I nodded my thanks for her warning. “Do any
wemistikoshiw
know? Should I leave this place?”

“I don’t know,” she answered. “Probably they don’t. You’ll know as soon as you see them what they know. They are not very good at concealing their thoughts from their faces.” She laughed at this and I did, too. It felt good.

“Tell me more,
Kokum
,” I said after a while. She brought me tea and I sipped on it and waited.

“There is talk that a certain
wemistikoshiw
trapper was fucking you,” she said, smiling at me. “But that rumour I am not sure of, since it comes from their side.”

My smile dropped. “So that is the rumour?” I said.

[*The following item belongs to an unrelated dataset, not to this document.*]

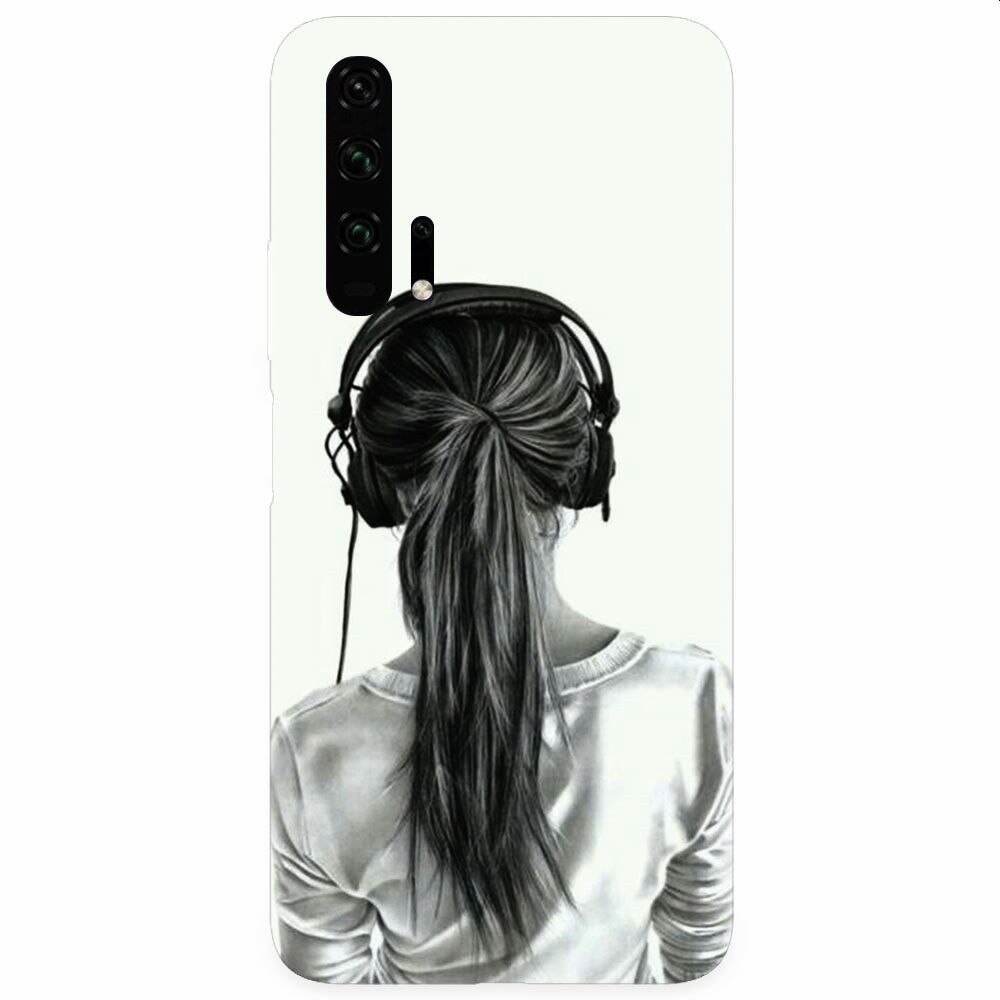 Husa silicon pentru Honor 20 Pro, Girl With Headphone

She looked at me. “So it is true!” she said. I didn’t respond, didn’t need to. “Be careful of that one. They say he has a taste for red meat that he can’t satisfy. There are little half-French, half-Indian children running around this place that he refuses to claim.” I nodded thanks for the warning. “This is not the place for you, Little One. You are a
hookimaw,
from a strong family. Happiness is not yours to have. You are a
windigo
killer.” She said this as if it were a sentence being passed down.

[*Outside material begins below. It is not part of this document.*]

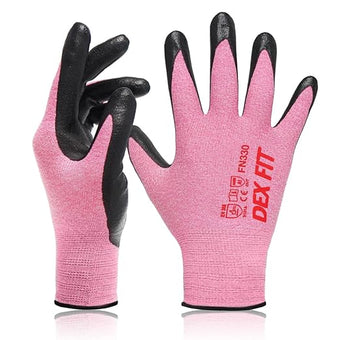 DEX FIT Nitrile Work Gloves FN330, 3D-Comfort Stretchy Fit, Firm Grip, Thin & Lightweight, Touch-Screen Compatible, Durable, Breathable & Cool, Machine Washable; Pink XL (10) 12 Pairs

She got up and went to a trunk near her bed, rummaged through it for a while, then came back to me with a handful of clothes. She held them up one by one so that I could see them. They were the
clothes of
wemistikoshiw
women, a long cotton skirt, a white cotton shirt, a brightly coloured bandanna to tie about my head.

“Wear these,” she said. I shook my head. “You must wear them so that you fit in with the others. Those clothes you wear make you a target. You look like a bush animal come too close to this human place.”

I took the clothes from her, thanked her as I made my way to the door.

I could feel her eyes on me as I walked back to my canoe.

I camped that night a little way from that place, my head buzzing with the knowledge that my world was not nearly as secret as I thought it was or wanted it to be. So they knew everything! I grew angrier with each passing hour, so that by dawn a plan had formed in my head. I bathed for a long time in the river, scrubbing my hair until it shone, rubbing my body to pinkness with the soft bottom sand. I changed into the clothes the grandmother had given me and carefully and tightly braided my hair on each side of my head. At high noon, I walked back into the town, a smile on my face so that I appeared a different woman, a shy, young homeguard Indian.

I walked toward the spire of the church, to the place where the residential school sat blank and white as a dumb child’s face. I had not meant to go here, but suddenly the idea of seeing Rabbit—your mother, Xavier—swept over me. Staying a distance away, I waited until the nuns released the children for afternoon play. I looked carefully through the group of older girls, for my sister would be fifteen winters now, but I did not see her. I stayed and looked until the nuns herded the children back inside.